Vorig jaar was opnieuw een dodelijk jaar voor klimaatactivisten. Voor zover bekend werden wereldwijd 196 mensen vermoord in hun strijd tegen de fossiele industrie, illegale houtkap of mijnbouw of protest tegen de overheid. Dat blijkt uit het nieuwe, jaarlijkse rapport van de Britse organisatie Global Witness. Ook in Europa, waar geen dodelijke slachtoffers vielen, wordt er steeds harder opgetreden tegen klimaatactivisten.
Het gevaarlijkste continent voor klimaatactivisme was vorig jaar opnieuw Zuid-Amerika waar 70 procent van de moorden plaatsvond, vooropgegaan door Colombia. Daar werden 79 mensen vermoord vanwege hun strijd tegen de vernietiging van hun leefomgeving. Naast Colombia werden de meeste activisten vermoord in Brazilië, Honduras en Mexico. Een groot deel van de slachtoffers (43 procent) viel onder de inheemse bevolking. Daarover schrijft NRC:
Die wordt bij besluitvorming over hun leefgebied en over het land van hun voorouders stelselmatig genegeerd. Uit onderzoek blijkt juist dat in gebieden die zij beheren de biodiversiteit groter is dan elders, dankzij hun traditionele kennis van de natuur en hun methodes om die te beschermen.
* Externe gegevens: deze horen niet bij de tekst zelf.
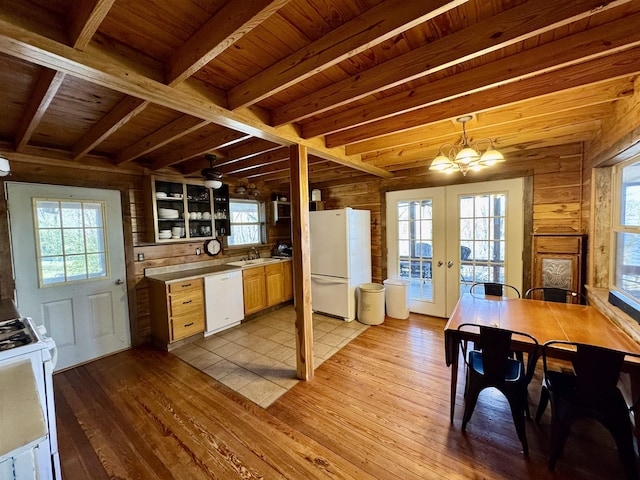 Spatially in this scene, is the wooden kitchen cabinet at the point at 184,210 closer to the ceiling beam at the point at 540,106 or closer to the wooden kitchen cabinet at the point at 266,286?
the wooden kitchen cabinet at the point at 266,286

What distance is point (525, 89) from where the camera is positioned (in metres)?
1.74

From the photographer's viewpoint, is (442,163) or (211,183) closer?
(442,163)

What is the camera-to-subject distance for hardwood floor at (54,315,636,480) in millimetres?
1609

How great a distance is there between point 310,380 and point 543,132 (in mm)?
3308

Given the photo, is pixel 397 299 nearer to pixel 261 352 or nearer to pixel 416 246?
pixel 416 246

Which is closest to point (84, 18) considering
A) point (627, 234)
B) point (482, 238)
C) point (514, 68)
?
point (514, 68)

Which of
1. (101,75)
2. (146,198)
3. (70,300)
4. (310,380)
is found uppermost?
(101,75)

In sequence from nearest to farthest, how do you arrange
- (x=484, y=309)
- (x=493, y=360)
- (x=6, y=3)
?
(x=6, y=3) < (x=493, y=360) < (x=484, y=309)

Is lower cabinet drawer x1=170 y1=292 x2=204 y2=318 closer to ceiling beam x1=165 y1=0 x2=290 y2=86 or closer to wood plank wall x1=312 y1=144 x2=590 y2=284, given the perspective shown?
ceiling beam x1=165 y1=0 x2=290 y2=86

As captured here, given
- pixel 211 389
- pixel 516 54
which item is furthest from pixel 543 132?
pixel 211 389

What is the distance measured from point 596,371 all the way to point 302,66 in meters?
2.32

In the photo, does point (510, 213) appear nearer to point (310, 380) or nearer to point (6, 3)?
point (310, 380)

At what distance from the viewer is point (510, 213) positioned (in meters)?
3.36

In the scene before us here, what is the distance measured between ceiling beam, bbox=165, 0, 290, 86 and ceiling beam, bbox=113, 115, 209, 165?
0.55 meters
In Brazilië is het aantal moorden op klimaatactivisten wel afgenomen ten opzichte van een jaar eerder. Onder de vorige president, de rechtsextremist Jair Bolsonaro, werd openlijk jacht gemaakt op klimaatactivisten die protesteerden tegen de uitverkoop van het Amazonegebied door de overheid. Ook op de Filippijnen, het enige niet Latijns-Amerikaanse land in de top, loopt het aantal moorden terug sinds de genocidale maniak Rodrigo Duterte (2016-2022) er niet meer aan de macht is.
West-Europa
Regeringen in West-Europa staan vaak vooraan om met hun vinger te wapperen richting het geweld tegen klimaatactivisten. Hoe hypocriet die houding is, blijkt uit een maandag gepubliceerd rapport van de Amerikaanse belangengroep Climate Rights International. Daarin staat dat westerse democratieën, waaronder ook Nederland, op grote schaal de vrijheid van meningsuiting en het recht op vreedzaam protest schenden. Dat gebeurt onder meer door het nemen van steeds strengere maatregelen tegen klimaatactivisten, volgens Climate Rights een schending van fundamentele mensenrechten.
Hoezeer die rechten onder druk staan bleek dinsdag maar weer. Het Openbaar Ministerie maakte bekend dertien klimaatactivisten van Extinction Rebellion (XR) te vervolgen voor het blokkeren van de A10 bij Amsterdam. Die acties waren gericht tegen het investeringsbeleid van ING. XR wil dat de bank de banden verbreekt met bedrijven uit de fossiele industrie die aan de voet staan van de klimaatcrisis.
Climate Rights wijst op de dubbele standaard die landen als Nederland hanteren omdat de repressie in contrast staat met de scherpe kritiek die de landen uiten op soortgelijke methodes bij autoritaire regimes. Volgens het rapport worden “harde en tegelijk vaag gedefinieerde maatregelen” gebruikt tegen vreedzame klimaatactivisten, zoals lange gevangenisstraffen, preventieve hechtenis en strafrechtelijke vervolging voor relatief kleine overtredingen. Andere landen waar dit gebeurt zijn bijvoorbeeld Duitsland, Frankrijk, Zweden en het Verenigd Koninkrijk. Ook Australië en de Verenigde Staten krijgen er flink van langs.
De vervolging van Nederlandse XR-activisten door het OM doet denken aan het Verenigd Koninkrijk. Daar werden vijf klimaatactivisten veroordeeld voor celstraffen van vier tot vijf jaar wegens hun betrokkenheid bij klimaatprotesten op een snelweg rond Londen. Het was de eerste keer dat activisten in het Verenigd Koninkrijk zo hard gestraft werden voor vreedzaam protest. In Duitsland kreeg een demonstrant 22 maanden cel zonder vervroegde vrijlating voor deelname aan een zitstaking, een kleinschalige blokkade.
NRC schrijft:
Volgens Brad Adams, directeur van Climate Rights International, moeten klimaatactivisten juist als bondgenoten worden beschouwd in de strijd tegen de klimaatcrisis „en niet als criminelen”. Overheden hoeven het niet per se eens te zijn met de strategieën van activisten om toch hun demonstratierecht te erkennen en te beschermen, vindt Adams. Climate Rights International roept regeringen daarom op om repressieve maatregelen tegen vreedzaam protest terug te draaien en prioriteit te geven aan de bescherming van fundamentele rechten.